__Work to complete__.
Your task is to reproduce exactly the lines from the one containing "Tiny's Family Restaurant And lounge" through the last line below, both ends included, and nothing else, with no pictures.
*** Information supplied ***
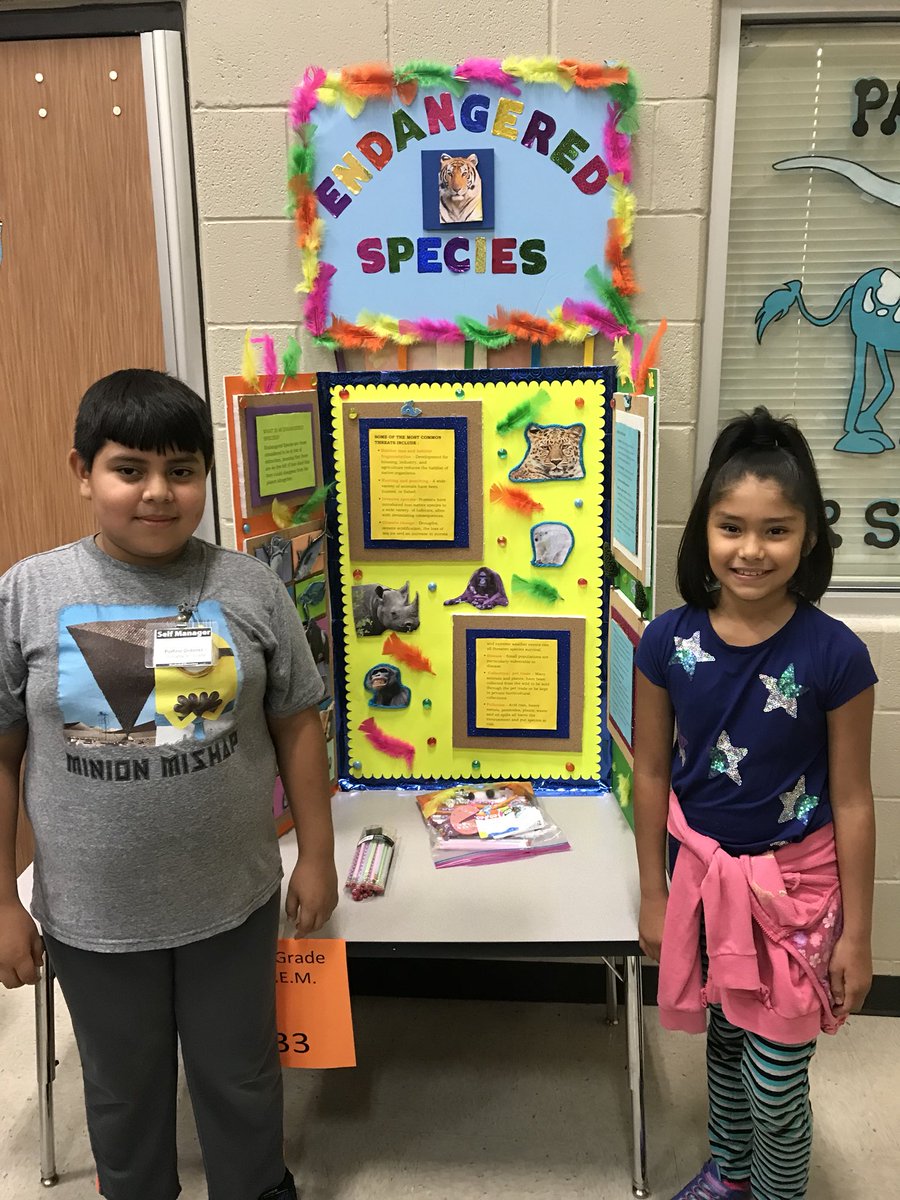 Mendenhall4th's tweet photo. S.T.E.A.M. Expo was a success! So proud of these kiddos &amp; all their hard work!! 💡⏳🔬 #mendenhalllearns https://t.co/QMMfrSUzBz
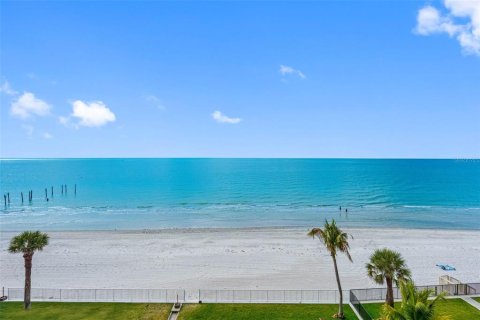 Condo in Redington Beach, Florida, 3 bedrooms  № 2212471 - photo 29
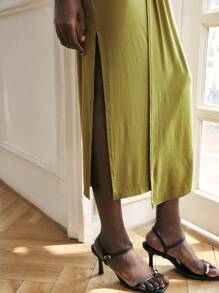 Maija 2025 Autumn/Winter New Women's Solid Color Fitted Long Sleeve Metal Ring Decor Dress, Olive Green Long Dress, Green Long Dress, Pleated Long Sleeve Dress, Elegant Wedding Guest Dress, Autumn Women's Apparel - Multicolor - View 5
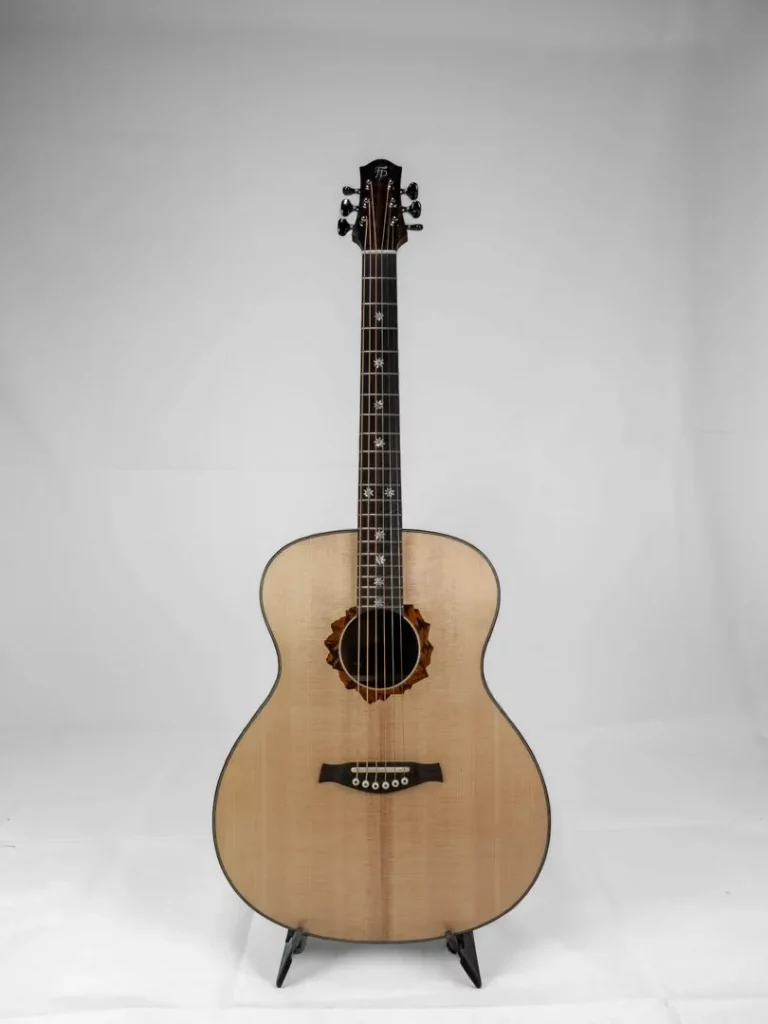 Guitare Grand Auditorium FP Guitars en épicéa, eucalyptus et palissandre, avec une rosace sculptée en forme de chaîne de montagnes – lutherie artisanale française.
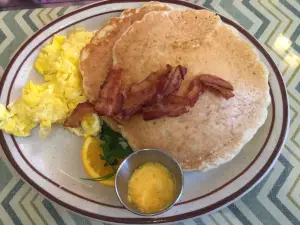 Tiny's Family Restaurant And lounge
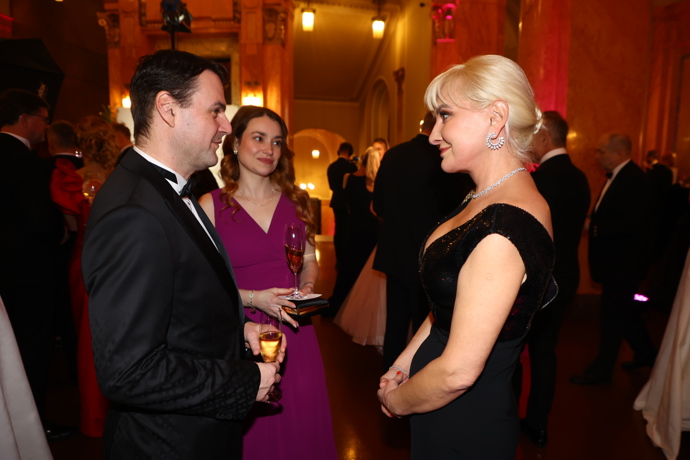 FOTO: Petr Macinka si nenechal ujít Česko-Slovenský ples. – stránka 30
*** End of Information supplied ***
__The completed task__.
 Tiny's Family Restaurant And lounge
 FOTO: Petr Macinka si nenechal ujít Česko-Slovenský ples. – stránka 30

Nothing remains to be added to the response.